Sechs Uhr 38 ging unser Zug von Mühldorf ab in Richtung Belgien. Nein, wir sind nicht aus dem Kreisverband Mühidorf, wir kommen aus Traunstein. Wir, das sind die zwei Monis, Andrea, Sabine, Chris, Tommes, Falko und ich, Michael. Warum wir nach Belgien fuhren? Das kam so: Es war, wenn ich mich nicht täusche, 1981 beim Internationalen Erste-Hilfe-Turnier in Schwetzingen. Hier knüpfte die teilnehmende Gruppe aus Traunstein erste Kontakte mit dem Belgischen Jugendrotkreuz. Im letzten Jahr war es schließlich soweit, wir konnten acht Jugendliche aus Eupen in Traunstein herzlich begrüßen. Bereits bei diesem Besuch wurde für August 1987 ein Gegenbesuch in Belgien vereinbart. Mühldorf, Bahnsteig 6, Abfahrt sechs Uhr 38 in Richtung München. Dort, wie so oft, nur wenig Zeit zum Umsteigen, und ab ging es nach Köln. Hier nutzten wir einen längeren Aufenthalt dazu, uns in der Umgebung des Bahnhofs umzusehen. Wußtet ihr, daß der Kölner Dom direkt neben, ja fast "im" Hauptbahnhof steht? Wir nicht, aber es war schon ein beeindruckendes Erlebnis, dieses Bauwerk zu sehen. Nachdem wir die Belgische Grenze nach Aachen überschritten hatten, stiegen unsere Gastgeber zu. Tanja, Sandra, Monique, Gerd, Carlos und Marc hießen uns herzlich willkommen und bereiteten  uns auf die kommenden Tage vor. Nach schließlich insgesamt über 12 Stunden Fahrt kamen wir in Oostduinkerke, unserem ersten Domizil, total erschöpft an.

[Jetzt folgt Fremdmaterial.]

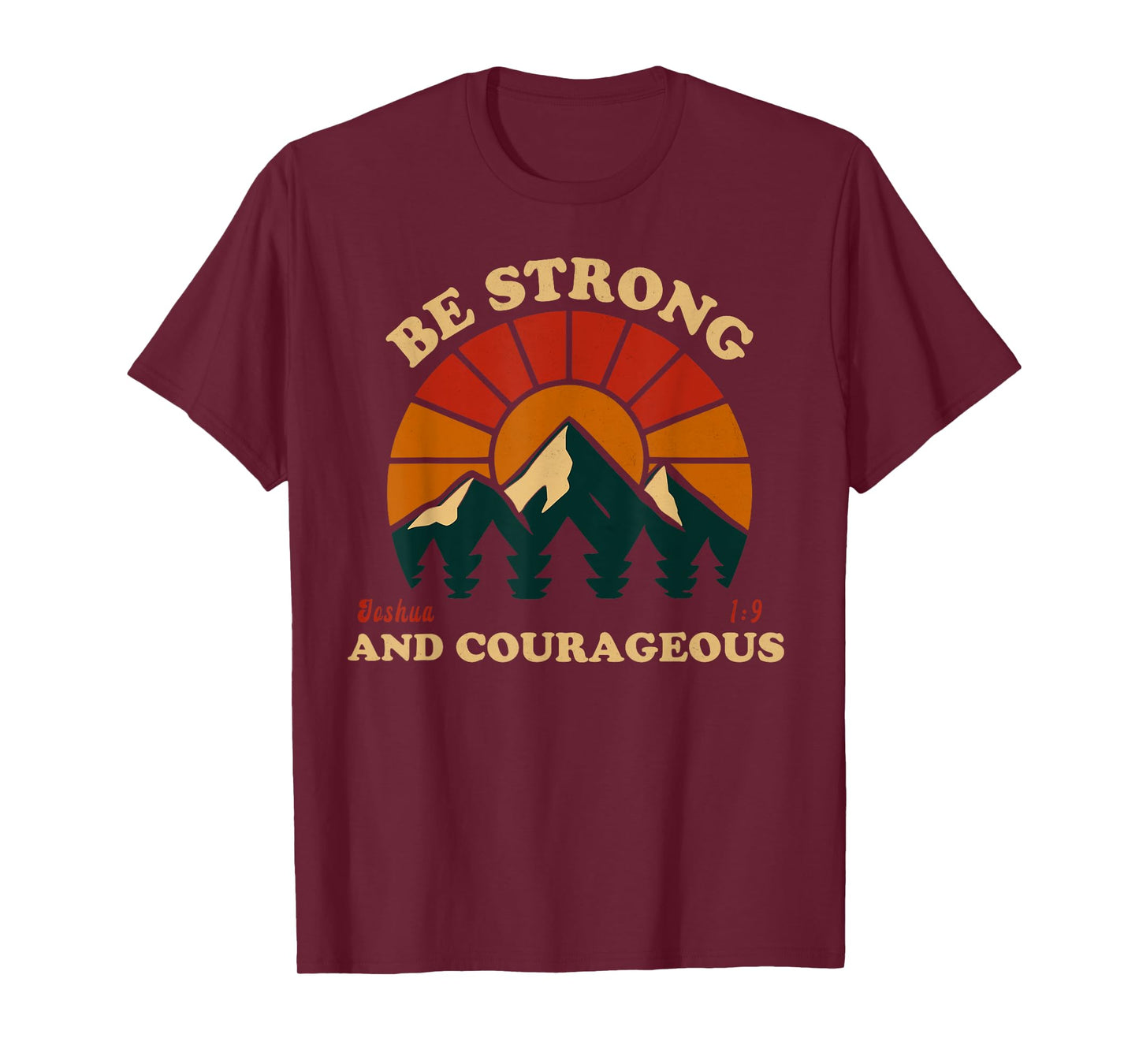 Be Strong and Courageous Joshua 1 9 Verse Vintage Mountain T-Shirt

Koksijde - Ein Tag bei der Wasserwacht

Am nächsten Morgen wurden wir in Koksijde nach einem herrlichen Spaziergang durch die Dünen am Strand von der dortigen "Wasserwacht" erwartet. Als wir "Wasserwacht" hörten, dachten wir natürlich gleich an unsere Wasserwachtler in Bayern. Weit gefehlt! Eine Wasserwacht, so wie wir sie kennen, gibt es im Belgischen Roten Kreuz nicht. Es handelt sich hier vielmehr um eine Sanitätsstation am Strand, die bei Verletzungen Erste Hilfe leistet oder
vermißten Kindern hilft, ihre Eltern wieder zu finden. Eine große Plage können hier die Quallen in Strandnähe sein. Aber die Sanitäter des Belgischen Roten Kreuzes sind hier für ihre Aufgabe bestens ausgebildet. Es war sehr aufschlußreich, fast einen Tag lang in dieser Sanitätsstation mit Hand anlegen zu dürfen und so einen besseren Einblick in die Arbeit der belgischen Schwesterorganisation zu erhalten.

Brügge - das Venedig des Nordens

Frühmorgens hieß es Koffer packen, frühstücken und ab in den Bus. Wir ahnten nicht, was für eine herrliche Stadt uns erwartete. Zwischen dem 7. und 9. Jahrhundert entstand Brügge aus einer kleinen Siedlung von Fischern und Kaufleuten. Bereits im 13. Jahrhundert wurde diese Stadt zu einem der wichtigsten Handelszentren der westlichen Welt. Durch die Verlagerung des Hafens kam schließlich der wirtschaftliche Untergang der Stadt im Mittelalter. Anfang unseres Jahrhunderts entstand mit dem Bau des Küstenhafens Seebrügge eine direkte Verbindung zum Meer, und die Stadt erhielt eine neue Lebenschance. Vom Marktplatz aus wurden wir durch die Stadt geführt. Zu Fuß und mit dem Schiff bot sich die ausgezeichnete Gelegenheit, die malerischen Plätze der Stadt zu besuchen. Der Beginenhof, heute Sitz der Benediktinerinnen, der poetische "See der Liebe", der Trödlermarkt oder die Liebfrauenkirche, nach
jeder Ecke überraschte eine neue Sehenswürdigkeit. Gegen Abend trafen wir in Blanchimont ein. Richtig, den Rennsportbegeisterten wird das Herz höher schlagen. Wir blieben für die restlichen Tage unseres Aufenthalts in Belgien in einer Sanitätsstation des Belgischen Roten Kreuzes auf der Rennbahn von Bianchimont.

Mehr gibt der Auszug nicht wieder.